Вместе с тем я бы не советовал переоценивать удельный вес миметических элементов и в анализируемом типе романа (как, кстати, и вообще в «популярной», «низовой» культуре). Основным источником определений реальности и верховной инстанцией их удостоверения служат здесь, как уже говорилось, массовые коммуникации. В боевых эпизодах это, готов предположить, зарубежные кинобоевики на пиратских кассетах. Но это, например, и хроникальные материалы в широкой прессе, на телевидении, включая криминальную хронику, «документальную» манеру которых авторы стилизуют, пунктиром намечая обстановку, фон действия, его «большую» событийную рамку и т. д. В целом же традиции классического для советской литературной культуры мимесиса — поэтика русского романа XIX в. и его «наследников» в пореволюционной литературе (Л. Леонов) — супербоевику чужды. «Не люблю русскую литературу. Не люблю Толстого», — эдак напрямки признается интервьюеру Доценко, воспитанный, по его словам, на Эдгаре По, Конан Дойле, Лондоне, Диккенсе, Драйзере [240] . Отсюда максимальное сокращение «описаний», «портретов», «разговоров». Отсюда, думаю, и демонстративная насмешка над «реалистическими» именами и фамилиями: герои у того же Доценко, в духе известного мультфильма «Шпионские страсти», именуются Ивановым-Петровым-Сидоровым или такой цепочкой, как «Говоров-Говорков-Воронов-Рокотов»; по поводу анекдотических имен и кличек иностранцев (все эти Красавчики Стивы и проч.) открытоиронизирует в романесам автор и т. д. Его задача в другом, признается он в уже цитировавшемся интервью: «Окунуть героя в экстремальную ситуацию» — «именно тогда возникает яркая жизнь». Отсюда же и равнодушие авторов боевика к другому решающему требованию поэтики мимесиса — социальной характерности речи персонажей и выразительности авторского языка (поэтике «единственно верного слова» — mot juste, — будь то у Флобера или у Хемингуэя).
240
Шевелев И.Указ. соч.
Язык в боевике — носитель нормы реальности, а потому в целом он «общий», «никакой», «ничей», и даже набранный заглавными буквами текст верховного Учителя может звучать так: «неординарная ситуация», «не успеваю зафиксировать», а чудесный луч, вырывающийся из его руки, «как луч лазера», — переплетаться, «как хитроумная система сигнализации какого-нибудь банка» (ВБ, 89).

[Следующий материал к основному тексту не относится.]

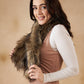 InWeave Women's Beige Print Faux Fur Neck Warmer - Swadesiicart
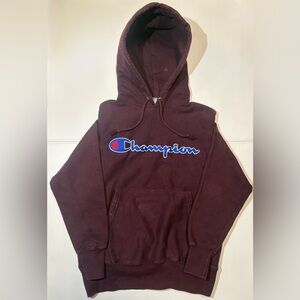 Vintage Champion Maroon Reverse Weave Small Hoodie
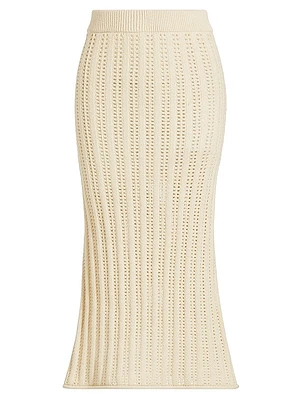 Aurora Cotton-Blend Midi-Skirt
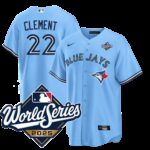 Ernie Clement #22 Toronto Blue Jays 2025 World Series Limited Player Jersey Stitched Light Blue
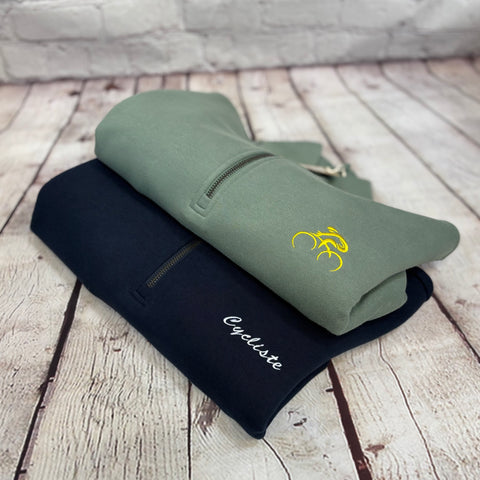 Tour de France Inspired Cyclist - 1/4 Zip Sweatshirt - (unisex)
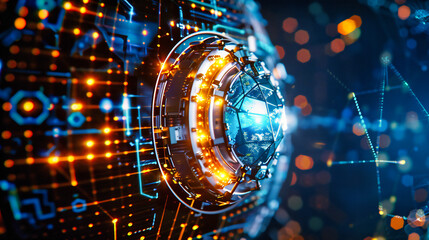 The Touch of Technology: A Hand Interacts with a Virtual Interface, Symbolizing Modern Digital Connectivity and Control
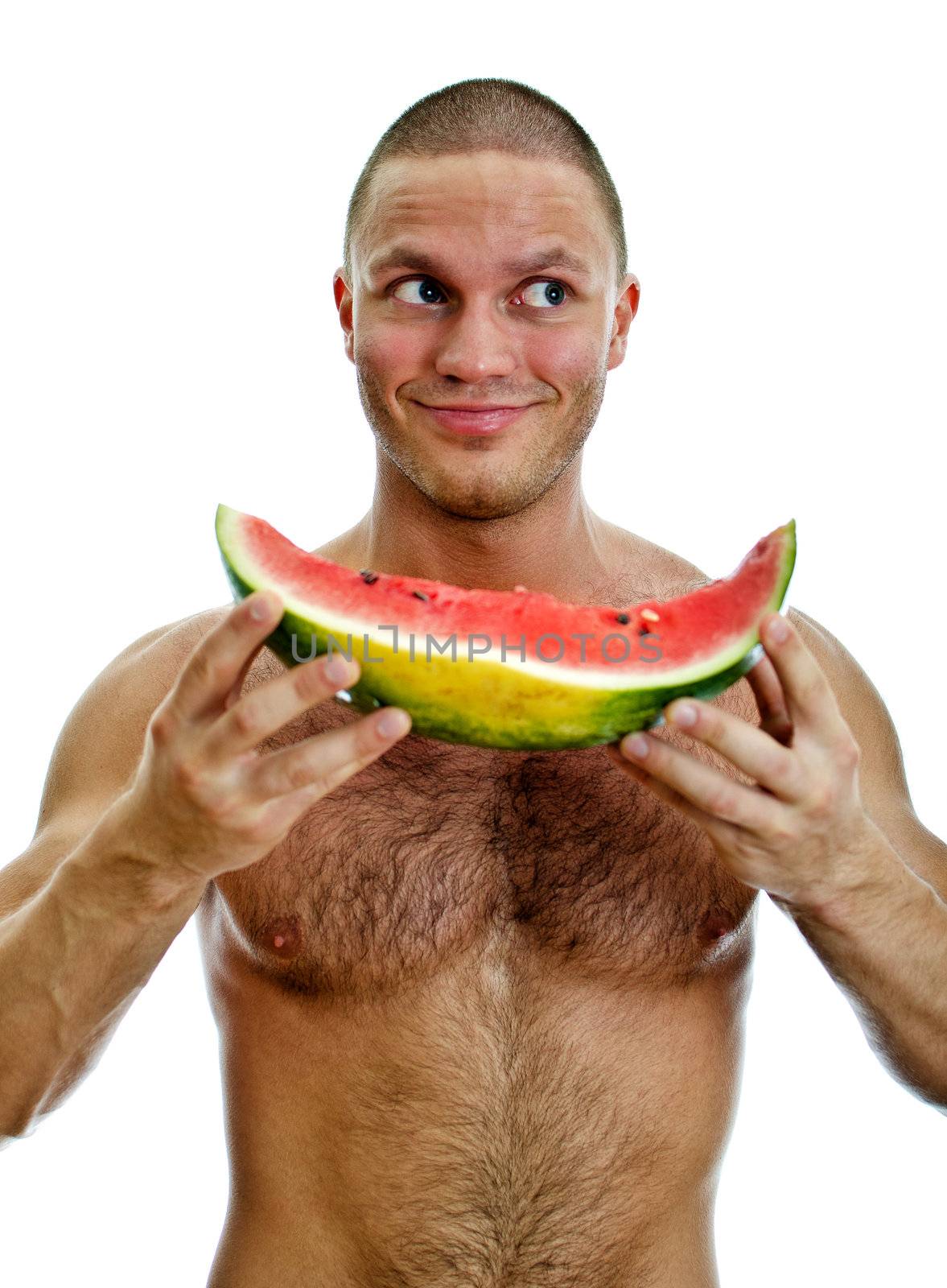 Muscular man holding watermelon. Isolated on white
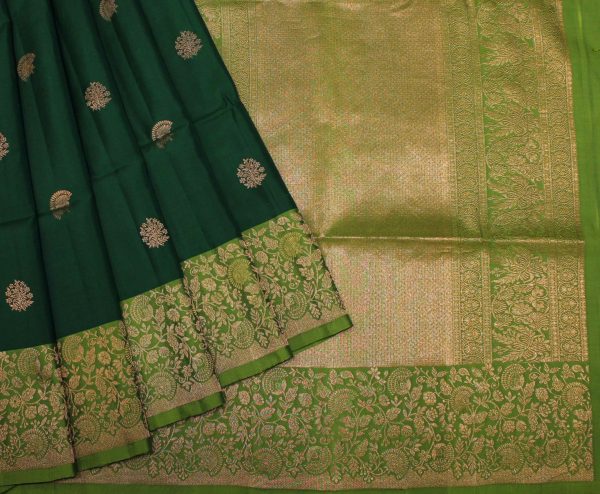 Handloom Pure Soft Silk Saree In Dark Bottle Green With Antique Zari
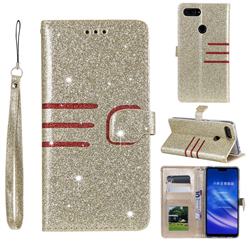 Retro Stitching Glitter Leather Wallet Phone Case for Xiaomi Mi 8 Lite / Mi 8 Youth / Mi 8X - Golden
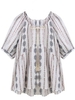 Ethnic Printed Drawstring Preppy Style Casual Women Blouse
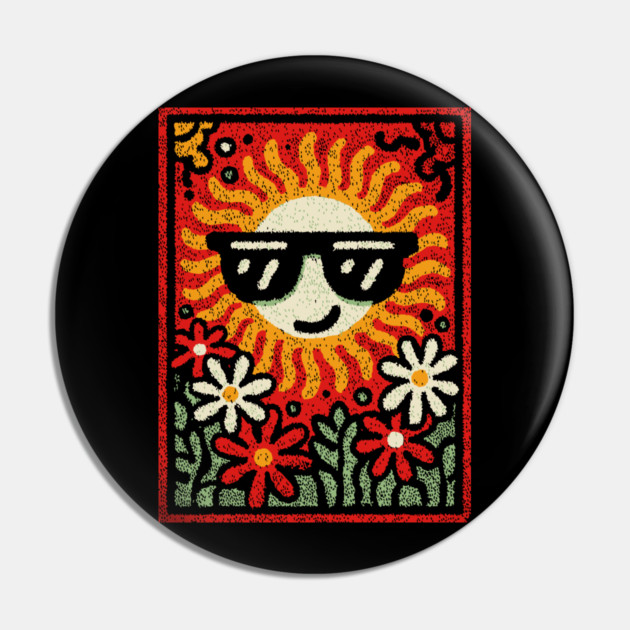 Groovy Sun with Sunglasses | Retro Flower Power Pin by TuncGK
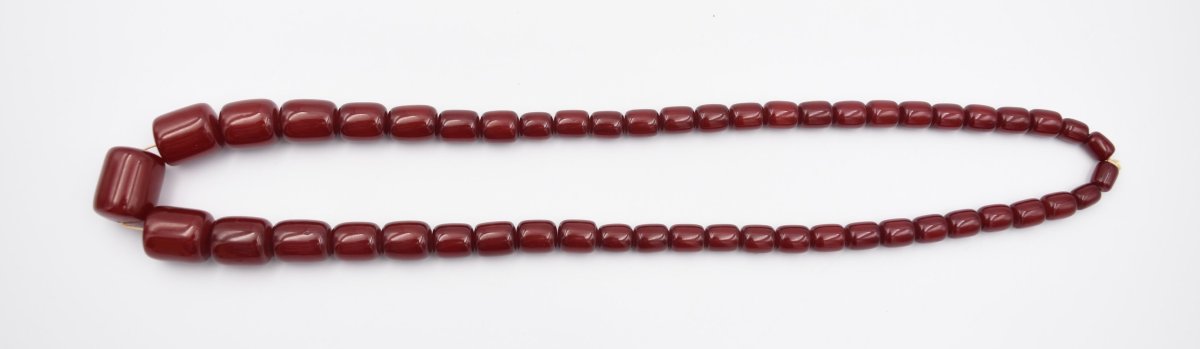 Ancien collier en bakelite rouge red cherry amber futuran-photo-2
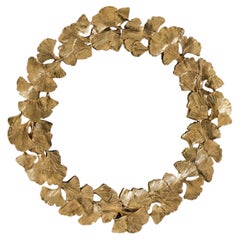 Jay Strongwater Lola Ginkgo Leaf Vergoldeter Runder Wandspiegel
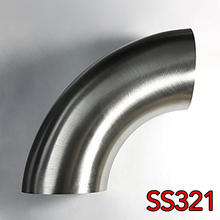 Load image into Gallery viewer, Stainless Bros 2.5in SS321 90 Degree Mandrel Bend Elbow 1.5D - 16GA/.065in Wall - No Leg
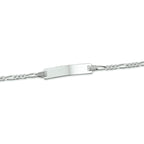 Gravurarmband Figaroplatte 4,2 mm 9 - 11 cm Silber rhodiniert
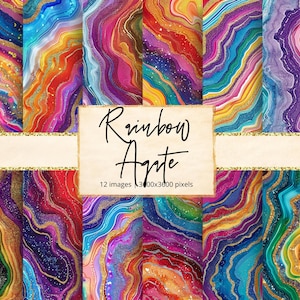 May include: Twelve digital paper designs featuring rainbow agate with gold glitter. Each design is 3000x3600 pixels.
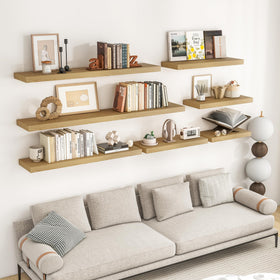 RICHFOCUS rustic-modern oak shelves add warmth to living spaces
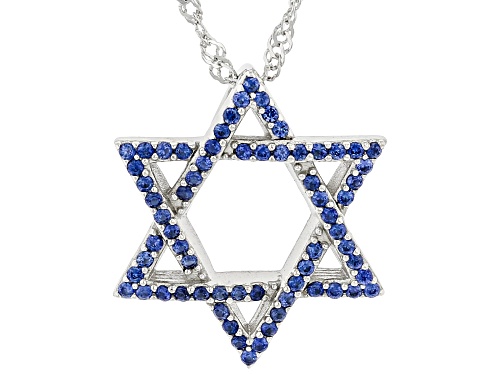 Photo of 0.36ctw Round Lab Created Blue Sapphire Rhodium Over Silver Star of David Pendant With Chain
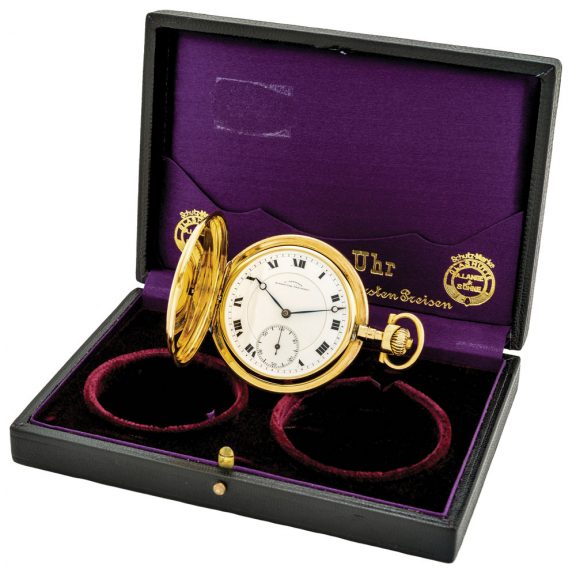 German 14 carat pink gold keyless pocket watch Circa 1910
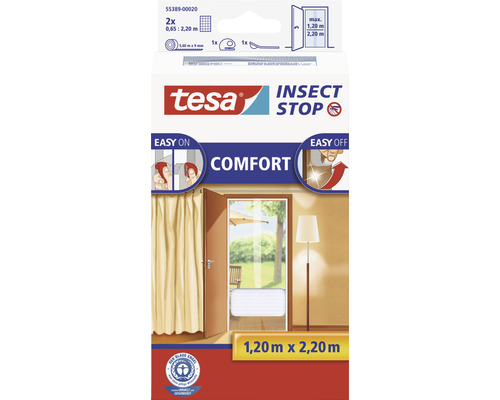 Fly screen for doors tesa Insect Stop Comfort without drilling white 65x220 cm pack of 2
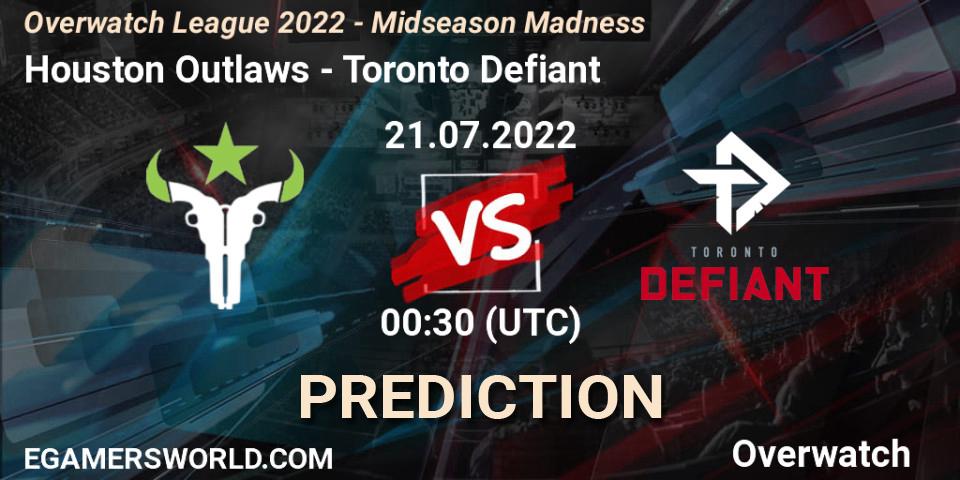 Prognoza Houston Outlaws - Toronto Defiant. 21.07.2022 at 00:30, Overwatch, Overwatch League 2022 - Midseason Madness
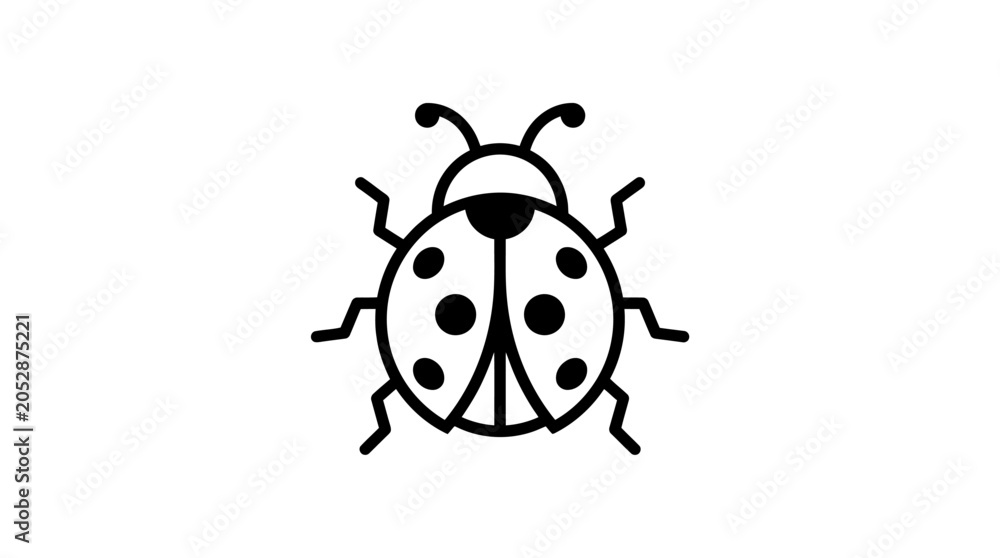Naklejka premium Simple black outline of a ladybug on a white background
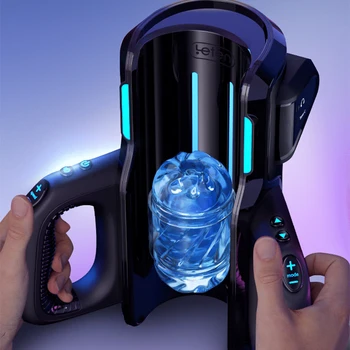Powerful Thrusting High Speed Male Masturbator Automatic Telescopic Vagina Masturbation Machine Sex Toy for Men Airplane Cup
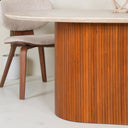 Liva Travertine Marble With Wooden Base Dining Table
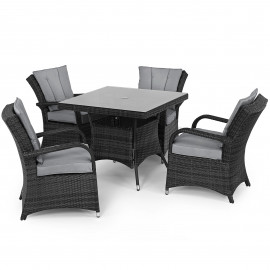 Texas 4 Seat Square Dining Set / Grey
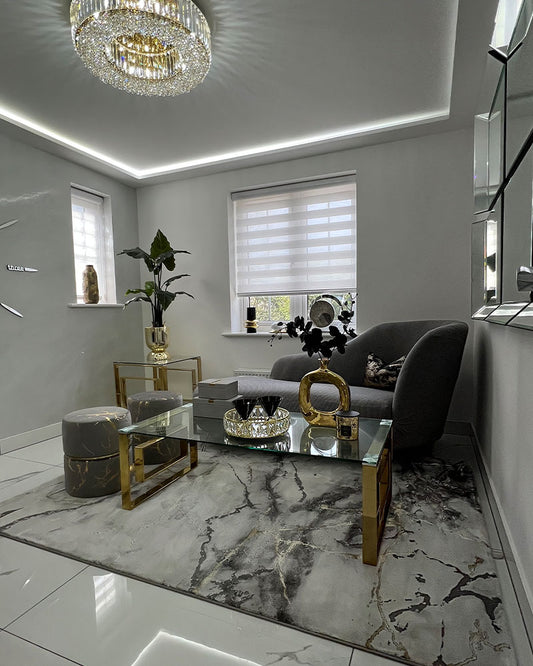 CRAFT 23270 GREY GOLD ABSTRACT MARBLE RUG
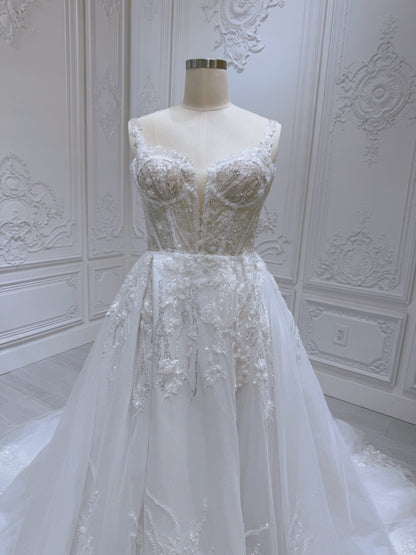 Stock Sale! Custom-made beading with 3D lace embroidered Aline wedding dress with split skirt - Ting's Bridal Collection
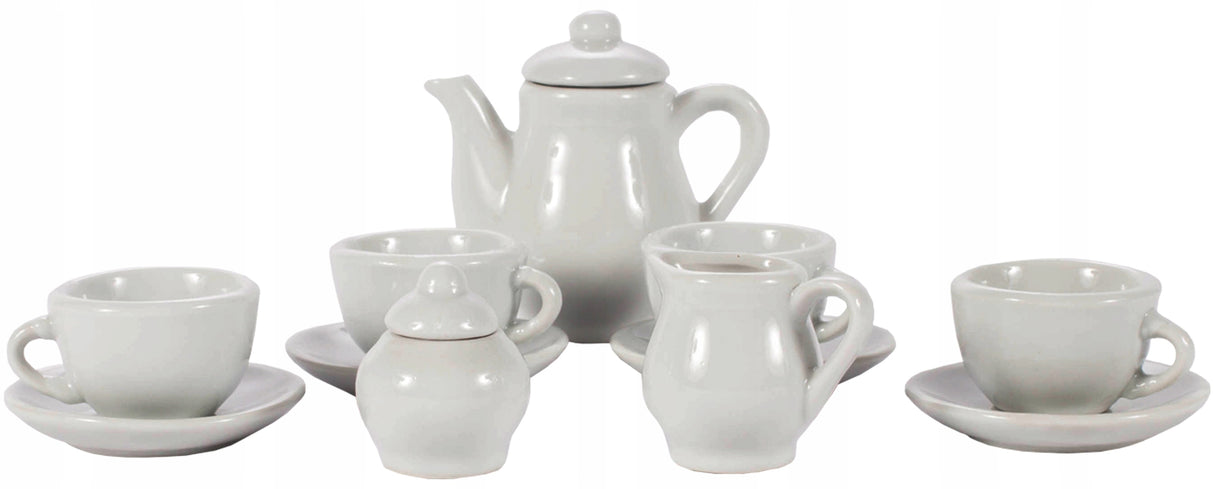 Zestaw Ceramiczny do Pomalowania do Herbatki Kolorowe Farby Pędzel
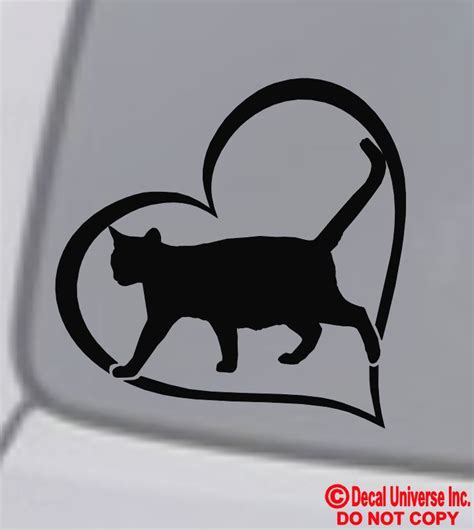 Cat Heart Vinyl Decal Will Stick To Just About Any Clean Smooth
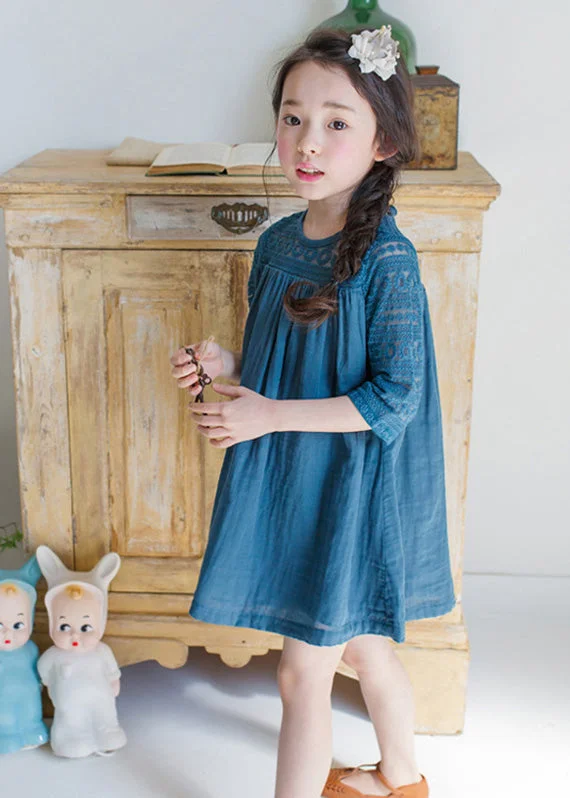 floral midi dressesBlue O-Neck Wrinkled Cotton Girls Mid Dresses Half Sleeve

На фоне этого «нулевого» уровня (тут необходим уже не филологический, а собственно социологический анализ языковых компетенций, функций серогоязыка и языкового клише [241] , социального и культурного косноязычия,речевой неаутентичности, тавтологии и повторов — «жвачки», смыслового «заикания» — и т. п.) выделяются, с одной стороны, «речевая агрессия», «языковое понижение» (грубость, мат [242] ), а с другой — средства речевого подъема, стилистический эквивалент экстатических состояний, нагнетаемые стереотипы «чужой», «выразительной» речи вроде «души» и «облаков», чаще всего стилизованные под романтическую манеру авторских отступлений Гоголя — Булгакова («Боги, боги мои!..»).
241
См.: Zijderveld A.On cliches. L., 1979; Жиль Делёз в своих заметках «Пробормотал он» (Critique et clinique. P., 1993. P. 135–143) ограничивается примерами из элитарной словесности.
242
См.: Советский простой человек: Черты социального портрета на рубеже 90-х. М., 1993. С. 85–87.
Особую, повышенную нагрузку в работе механизмов идентификации, в поддержке у читателя характерного чувства постоянного «напряжения», безостановочной «динамики» этого процесса отождествлений-растождествлений несут в боевике символы и значения «телесного» — всего связанного с ощущением и нарушением целостности тела. Функциональную нагрузку детально описанных боевых схваток и пыток, с одной стороны, и столь же детализированных эротических эпизодов, особенно у Доценко и Таранова, — с другой, я вижу именно в этом — в работе символической идентификации, в плане прагматики текстового воздействия, а не в его «тематике» и потому все-таки — не в «апологии насилия» либо «секса», как чаще всего оценивает подобные моменты идеологическая и дидактическая «реальная» критика.